Fashion, Conduct, and the Making of Respectable Femininity
摘要
“Fashion, Conduct, and the Making of Respectable Femininity” situates Regency dress within a moment of political and cultural uncertainty, and it treats fashion as one of the languages through which social order was negotiated. It explains how British and French fashions diverged during the years of war, and how the move towards classical dress produced a useful contrast between French display and English restraint. At the same time, it shows that Regency styles absorbed a wide range of references, classical, medieval, romantic, oriental, and military, and that these influences shaped both the look of dress and the materials that made it accessible and desirable. Building on this context, the chapter reads The Mirror of the Graces as a treatise that interprets clothing through a moral lens. Under the influence of Evangelical ideals of discipline and domestic virtue, the text repeatedly links taste in dress to manners and conduct, presenting modesty as a governing virtue and vanity as a persistent danger.

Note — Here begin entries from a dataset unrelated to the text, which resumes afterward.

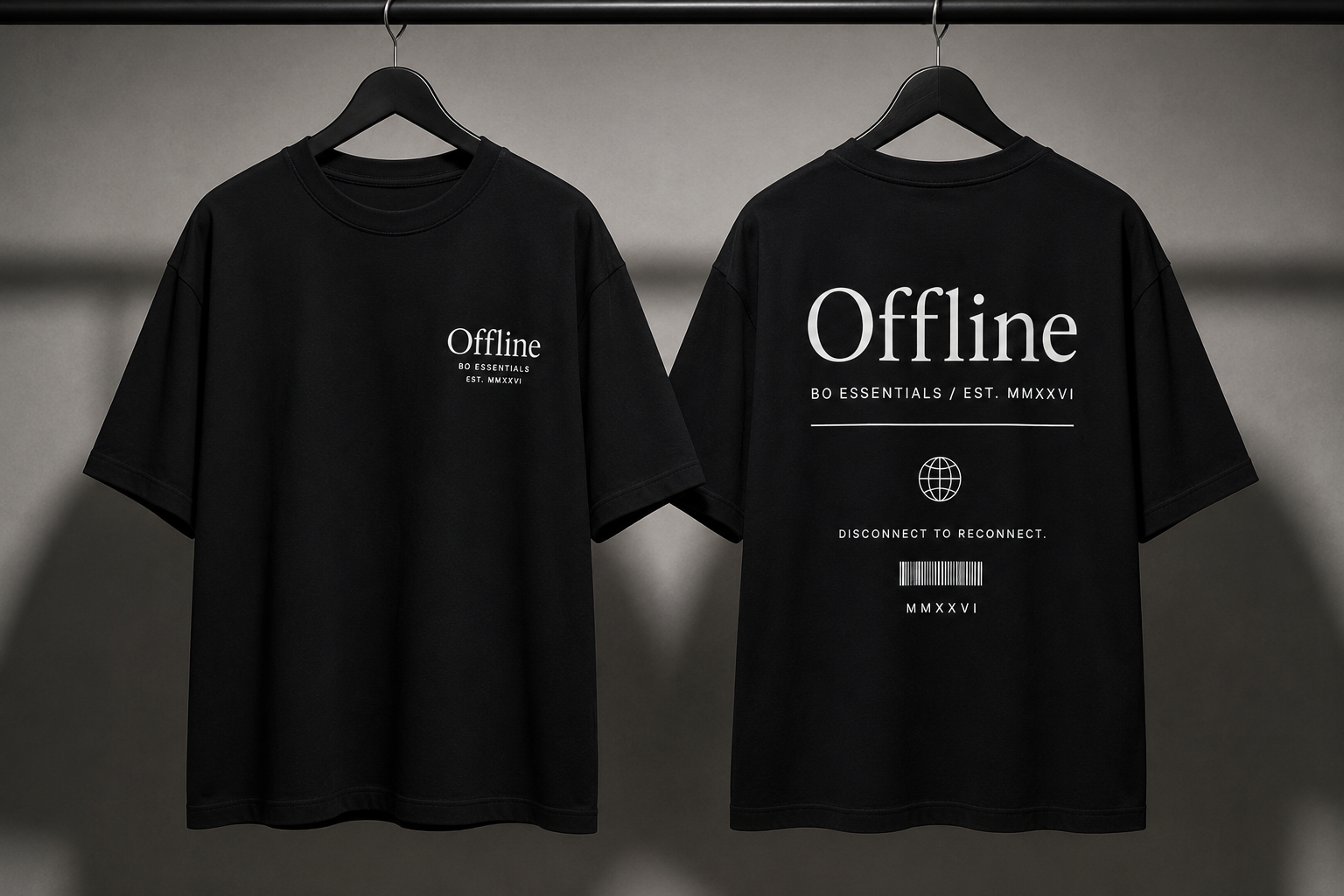 Offline Tee – Front and Back flat lay on hanger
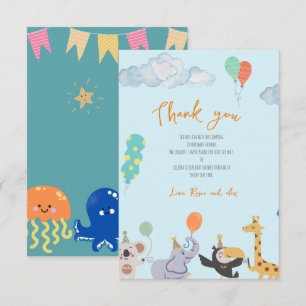 Carte De Remerciements Baby shower animal mou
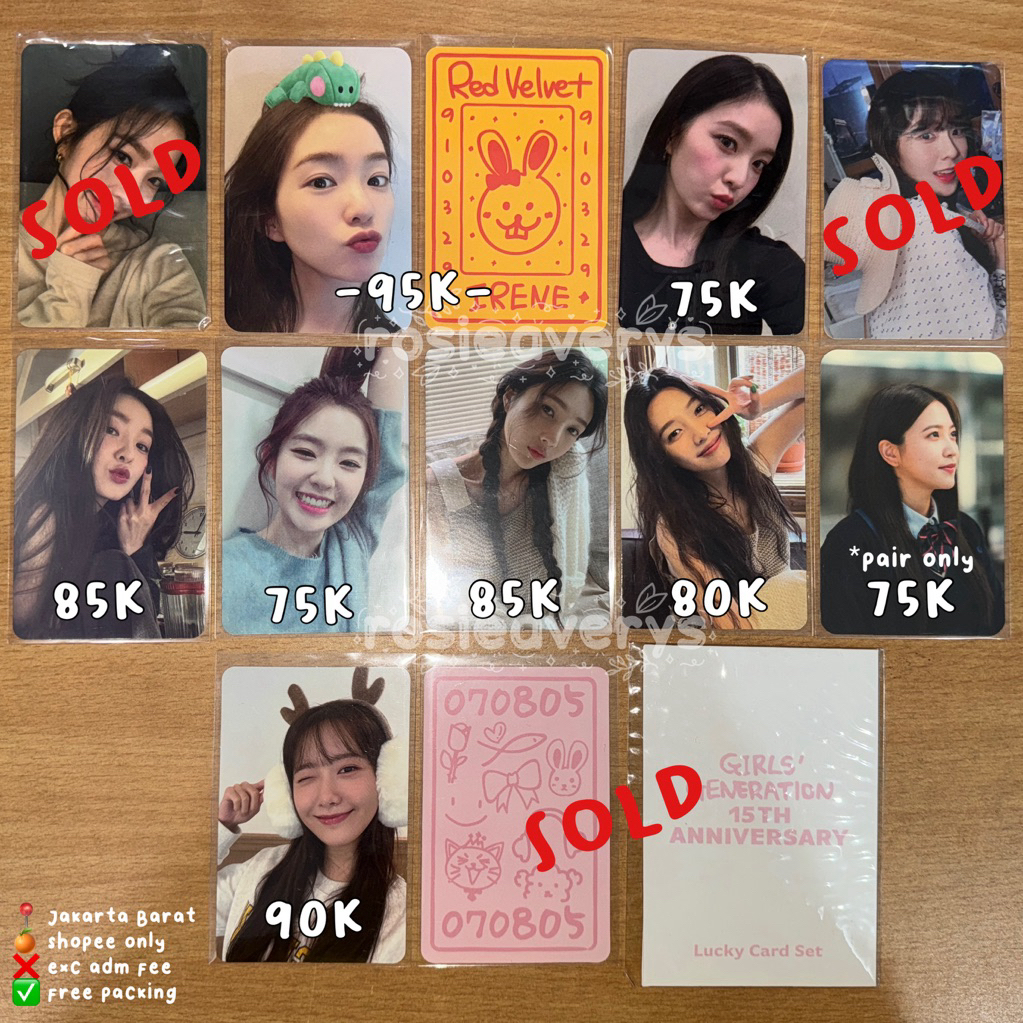 Official Red Velvet Irene Joy Yeri & Girls Generation Yoona SNSD Photocard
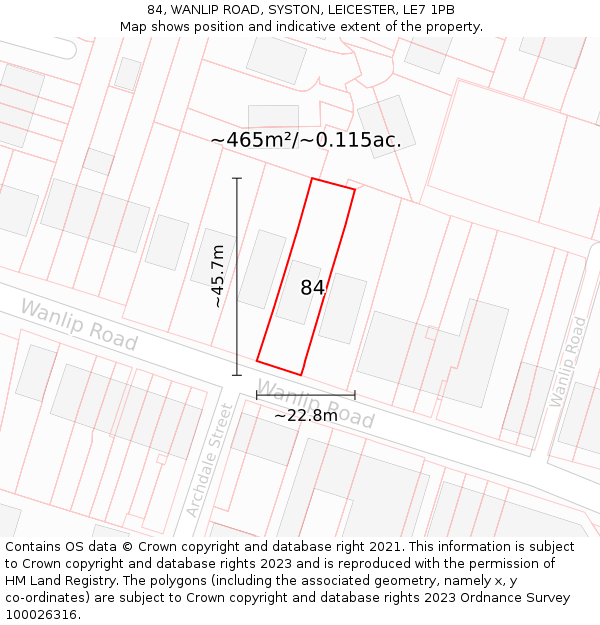 84, WANLIP ROAD, SYSTON, LEICESTER, LE7 1PB: Plot and title map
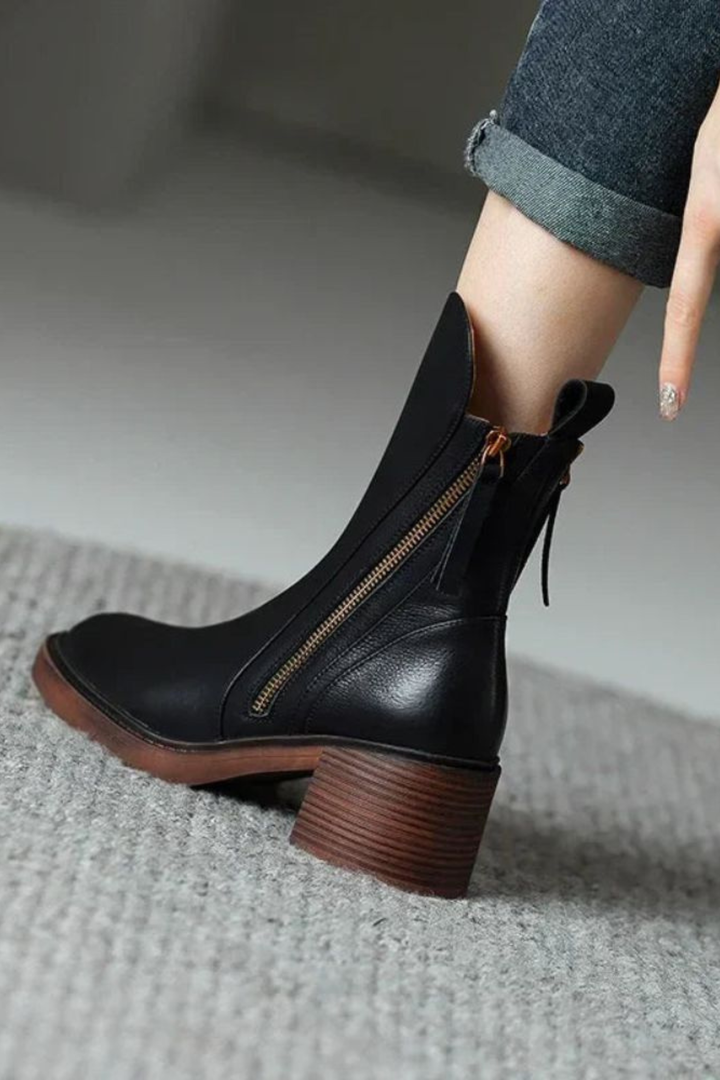 Women's Leather Ankle Boots with Diagonal Gold Zip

The Lady treats clothing as an outward sign of inward worth, and she insists that propriety in dress is tied to age, rank, and the ‘station’ of the wearer. The final section places The Mirror of the Graces within the wider tradition of conduct books for women. It shows how these texts helped define respectable femininity through programmes of self-command, where appearance is never merely personal but publicly legible. The chapter also traces the continuity of this moralised view of fashion in periodicals, beauty manuals, and later etiquette writing, where simplicity, decorum, and restraint remain central to the performance of respectability.